# My hotmail account has been hacked!? Help me find out who did it!!!



## shainalila (May 20, 2009)

A few days ago, I tried to log into my hotmail account and discovered my password had been changed. I changed it back and logged in to find that my "alternate email" had been changed to "[email protected]".
I then find out that my boyfriend's email password had also been changed, and logged into his to find his "alternate email" was also set as "[email protected]"..

I did the first logical thing which came to mind and put the email through the myspace and facebook search engines. I found a profile under someone called "mat" on myspace and a profile under "sarah stewart" on facebook. (Both of these profiles have since mysteriously dissapeared)..

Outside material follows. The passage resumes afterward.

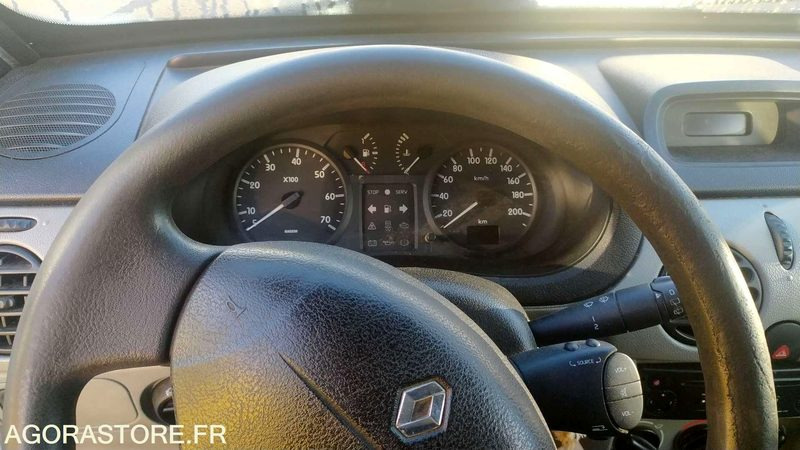 Renault Kangoo - 2005 - Легковой фургон: фото 5 Renault Kangoo - 2005 - Легковой фургон: фото 5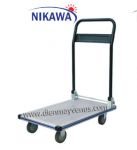 Xe đẩy hàng 4 bánh Nikawa FWS-250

I looked at "sarah stewart's" facebook friends and she only had one friend: Autumn Loveday - who happens to be my good friend's old friend from sydney whom I have never met!!

Okay, if you understand any of this, please help me find out exactly who has been changing my passwords! It must stop!!


----------



## mcorton (Apr 16, 2009)

REPORT it to hotmail, Facebook, and whoever else may be effected. Also google the email addresses and names used. I'm not sure if they record IP adresses or not but you can go to http://www.dnsstuff.com and trace the ISP issuing the IP address. You may want to question your friend as to how they got your information. There may be an invasion of privacy suit involved. Anyway, I'd recommend changing all your passwords and get a program like winpatrol to guard them from being changed without your approval. I'll do some research and may private message you if it's ok.


----------